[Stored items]

──────────

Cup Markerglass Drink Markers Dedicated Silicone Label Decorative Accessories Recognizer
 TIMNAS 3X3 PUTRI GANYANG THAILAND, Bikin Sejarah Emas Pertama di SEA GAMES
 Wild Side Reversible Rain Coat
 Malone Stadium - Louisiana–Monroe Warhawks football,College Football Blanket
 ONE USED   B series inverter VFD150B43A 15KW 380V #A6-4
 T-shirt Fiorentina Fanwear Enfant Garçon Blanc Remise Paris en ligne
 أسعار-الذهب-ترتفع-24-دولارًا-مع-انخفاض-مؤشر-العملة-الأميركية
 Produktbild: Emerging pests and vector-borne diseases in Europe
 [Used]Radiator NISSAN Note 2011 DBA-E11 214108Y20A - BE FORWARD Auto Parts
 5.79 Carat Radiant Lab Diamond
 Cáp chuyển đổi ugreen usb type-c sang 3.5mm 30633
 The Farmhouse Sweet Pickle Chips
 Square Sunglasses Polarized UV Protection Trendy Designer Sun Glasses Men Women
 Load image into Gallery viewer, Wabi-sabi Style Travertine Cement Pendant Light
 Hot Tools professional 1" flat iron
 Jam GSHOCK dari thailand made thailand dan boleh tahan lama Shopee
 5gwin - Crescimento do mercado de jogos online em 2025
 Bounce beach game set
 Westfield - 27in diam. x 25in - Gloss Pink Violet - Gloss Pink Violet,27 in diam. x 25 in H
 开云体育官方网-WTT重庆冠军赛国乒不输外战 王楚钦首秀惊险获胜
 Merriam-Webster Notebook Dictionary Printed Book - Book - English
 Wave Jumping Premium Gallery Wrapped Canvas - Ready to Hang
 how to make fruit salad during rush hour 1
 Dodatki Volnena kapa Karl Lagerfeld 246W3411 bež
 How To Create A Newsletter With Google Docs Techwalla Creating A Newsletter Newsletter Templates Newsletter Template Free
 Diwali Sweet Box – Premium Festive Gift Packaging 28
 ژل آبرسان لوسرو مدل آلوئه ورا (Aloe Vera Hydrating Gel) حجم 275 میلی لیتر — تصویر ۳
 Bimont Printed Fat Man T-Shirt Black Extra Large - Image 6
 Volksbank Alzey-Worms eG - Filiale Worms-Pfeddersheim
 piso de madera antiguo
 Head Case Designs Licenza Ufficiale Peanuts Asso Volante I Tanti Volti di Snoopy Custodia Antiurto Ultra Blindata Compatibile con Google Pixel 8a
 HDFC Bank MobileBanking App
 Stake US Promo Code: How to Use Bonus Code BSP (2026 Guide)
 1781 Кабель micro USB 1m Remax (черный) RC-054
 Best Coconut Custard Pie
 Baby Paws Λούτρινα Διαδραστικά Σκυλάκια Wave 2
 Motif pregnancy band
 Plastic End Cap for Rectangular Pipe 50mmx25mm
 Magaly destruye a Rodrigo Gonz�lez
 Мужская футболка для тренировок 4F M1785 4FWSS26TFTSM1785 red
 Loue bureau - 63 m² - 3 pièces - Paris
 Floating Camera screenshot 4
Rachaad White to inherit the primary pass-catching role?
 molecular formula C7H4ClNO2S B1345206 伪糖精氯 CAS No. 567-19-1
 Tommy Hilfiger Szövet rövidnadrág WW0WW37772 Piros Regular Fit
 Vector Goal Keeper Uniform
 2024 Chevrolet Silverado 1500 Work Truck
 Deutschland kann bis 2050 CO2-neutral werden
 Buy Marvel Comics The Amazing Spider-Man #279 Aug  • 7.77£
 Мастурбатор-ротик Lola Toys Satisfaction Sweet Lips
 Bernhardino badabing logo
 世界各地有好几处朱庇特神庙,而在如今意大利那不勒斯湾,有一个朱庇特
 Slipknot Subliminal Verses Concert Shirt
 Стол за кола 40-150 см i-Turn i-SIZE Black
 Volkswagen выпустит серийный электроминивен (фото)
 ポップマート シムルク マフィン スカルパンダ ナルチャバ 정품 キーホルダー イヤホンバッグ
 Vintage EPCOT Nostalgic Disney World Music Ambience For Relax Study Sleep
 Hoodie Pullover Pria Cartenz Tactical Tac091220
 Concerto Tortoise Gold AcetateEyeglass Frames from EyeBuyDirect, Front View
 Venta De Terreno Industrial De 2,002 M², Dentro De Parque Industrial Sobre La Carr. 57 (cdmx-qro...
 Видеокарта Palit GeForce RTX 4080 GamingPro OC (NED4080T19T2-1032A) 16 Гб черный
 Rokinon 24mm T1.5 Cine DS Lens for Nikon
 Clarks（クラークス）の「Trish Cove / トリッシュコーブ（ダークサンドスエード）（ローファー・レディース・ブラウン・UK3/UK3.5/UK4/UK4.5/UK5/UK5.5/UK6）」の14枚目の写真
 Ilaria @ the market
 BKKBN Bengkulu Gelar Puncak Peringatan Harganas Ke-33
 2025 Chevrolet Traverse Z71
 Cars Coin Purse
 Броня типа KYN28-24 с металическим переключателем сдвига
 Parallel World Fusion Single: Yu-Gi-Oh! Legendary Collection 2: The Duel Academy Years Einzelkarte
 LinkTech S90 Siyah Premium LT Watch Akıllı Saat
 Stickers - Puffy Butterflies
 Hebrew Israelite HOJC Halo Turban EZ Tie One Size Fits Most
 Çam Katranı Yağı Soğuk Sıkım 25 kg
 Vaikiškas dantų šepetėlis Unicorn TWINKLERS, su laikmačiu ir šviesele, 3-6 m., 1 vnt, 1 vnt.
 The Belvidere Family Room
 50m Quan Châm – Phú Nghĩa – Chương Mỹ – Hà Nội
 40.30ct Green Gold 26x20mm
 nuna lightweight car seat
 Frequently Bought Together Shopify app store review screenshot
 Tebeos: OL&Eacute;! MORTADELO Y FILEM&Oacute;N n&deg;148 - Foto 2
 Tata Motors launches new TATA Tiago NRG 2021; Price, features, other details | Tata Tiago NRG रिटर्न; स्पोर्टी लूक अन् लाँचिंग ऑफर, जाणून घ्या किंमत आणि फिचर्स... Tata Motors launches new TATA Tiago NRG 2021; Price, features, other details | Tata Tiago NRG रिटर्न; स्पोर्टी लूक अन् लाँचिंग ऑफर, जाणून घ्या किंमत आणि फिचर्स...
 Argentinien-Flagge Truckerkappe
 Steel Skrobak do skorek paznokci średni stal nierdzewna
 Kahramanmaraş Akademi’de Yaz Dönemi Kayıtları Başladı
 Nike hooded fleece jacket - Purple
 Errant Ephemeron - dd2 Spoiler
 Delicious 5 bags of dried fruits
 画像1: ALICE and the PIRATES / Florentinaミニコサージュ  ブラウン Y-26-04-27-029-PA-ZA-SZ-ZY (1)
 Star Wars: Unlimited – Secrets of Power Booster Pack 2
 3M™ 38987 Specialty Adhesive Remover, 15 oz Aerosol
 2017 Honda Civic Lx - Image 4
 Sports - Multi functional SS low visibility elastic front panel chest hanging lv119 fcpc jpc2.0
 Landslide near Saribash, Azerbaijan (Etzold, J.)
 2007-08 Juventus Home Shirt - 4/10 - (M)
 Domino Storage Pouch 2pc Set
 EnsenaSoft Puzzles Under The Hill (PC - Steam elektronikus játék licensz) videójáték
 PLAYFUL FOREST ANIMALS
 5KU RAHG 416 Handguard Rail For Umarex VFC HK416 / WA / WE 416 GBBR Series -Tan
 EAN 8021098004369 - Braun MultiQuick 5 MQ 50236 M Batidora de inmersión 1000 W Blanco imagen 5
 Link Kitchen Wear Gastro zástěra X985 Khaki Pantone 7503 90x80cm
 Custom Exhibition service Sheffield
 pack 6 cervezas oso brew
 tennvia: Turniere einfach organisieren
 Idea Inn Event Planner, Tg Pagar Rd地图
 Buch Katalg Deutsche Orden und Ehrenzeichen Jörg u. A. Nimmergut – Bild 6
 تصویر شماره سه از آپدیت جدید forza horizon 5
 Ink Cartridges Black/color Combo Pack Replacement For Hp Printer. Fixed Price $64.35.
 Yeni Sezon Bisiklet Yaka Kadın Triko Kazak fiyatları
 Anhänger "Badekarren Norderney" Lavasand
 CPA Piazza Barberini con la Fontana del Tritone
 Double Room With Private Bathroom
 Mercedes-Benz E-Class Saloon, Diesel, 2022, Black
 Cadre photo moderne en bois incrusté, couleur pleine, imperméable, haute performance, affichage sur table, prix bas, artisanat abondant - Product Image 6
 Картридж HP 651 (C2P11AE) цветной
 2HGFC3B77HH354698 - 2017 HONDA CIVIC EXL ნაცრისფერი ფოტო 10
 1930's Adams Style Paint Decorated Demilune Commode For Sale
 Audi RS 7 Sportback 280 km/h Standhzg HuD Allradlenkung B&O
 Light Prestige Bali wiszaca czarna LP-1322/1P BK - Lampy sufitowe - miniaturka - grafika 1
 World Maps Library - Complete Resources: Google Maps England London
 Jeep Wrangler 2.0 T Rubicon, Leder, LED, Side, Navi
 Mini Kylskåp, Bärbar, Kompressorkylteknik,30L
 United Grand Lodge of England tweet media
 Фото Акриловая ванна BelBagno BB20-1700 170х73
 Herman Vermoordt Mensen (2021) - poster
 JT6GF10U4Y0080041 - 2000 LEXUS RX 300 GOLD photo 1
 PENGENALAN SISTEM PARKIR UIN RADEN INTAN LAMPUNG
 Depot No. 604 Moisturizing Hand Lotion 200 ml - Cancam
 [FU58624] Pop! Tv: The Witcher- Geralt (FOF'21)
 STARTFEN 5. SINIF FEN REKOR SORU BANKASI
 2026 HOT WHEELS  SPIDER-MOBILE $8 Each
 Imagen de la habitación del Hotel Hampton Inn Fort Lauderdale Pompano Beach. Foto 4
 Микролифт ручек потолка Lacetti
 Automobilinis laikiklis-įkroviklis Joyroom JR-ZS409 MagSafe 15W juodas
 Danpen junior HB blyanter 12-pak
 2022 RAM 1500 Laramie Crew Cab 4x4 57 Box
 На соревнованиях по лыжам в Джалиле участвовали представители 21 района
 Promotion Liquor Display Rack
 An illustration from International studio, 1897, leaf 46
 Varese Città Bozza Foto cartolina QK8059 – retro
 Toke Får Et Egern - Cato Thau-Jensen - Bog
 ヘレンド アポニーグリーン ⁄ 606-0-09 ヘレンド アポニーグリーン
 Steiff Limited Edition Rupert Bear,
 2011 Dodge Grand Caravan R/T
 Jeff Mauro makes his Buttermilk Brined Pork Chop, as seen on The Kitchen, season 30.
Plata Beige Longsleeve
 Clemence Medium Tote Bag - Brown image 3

──────────

Every line from the one that has "Steiff Limited Edition" down to the last line above must be written out exactly, with both ends included and nothing else.

* [Output of the task]
 Steiff Limited Edition Rupert Bear,
 2011 Dodge Grand Caravan R/T
 Jeff Mauro makes his Buttermilk Brined Pork Chop, as seen on The Kitchen, season 30.
Plata Beige Longsleeve
 Clemence Medium Tote Bag - Brown image 3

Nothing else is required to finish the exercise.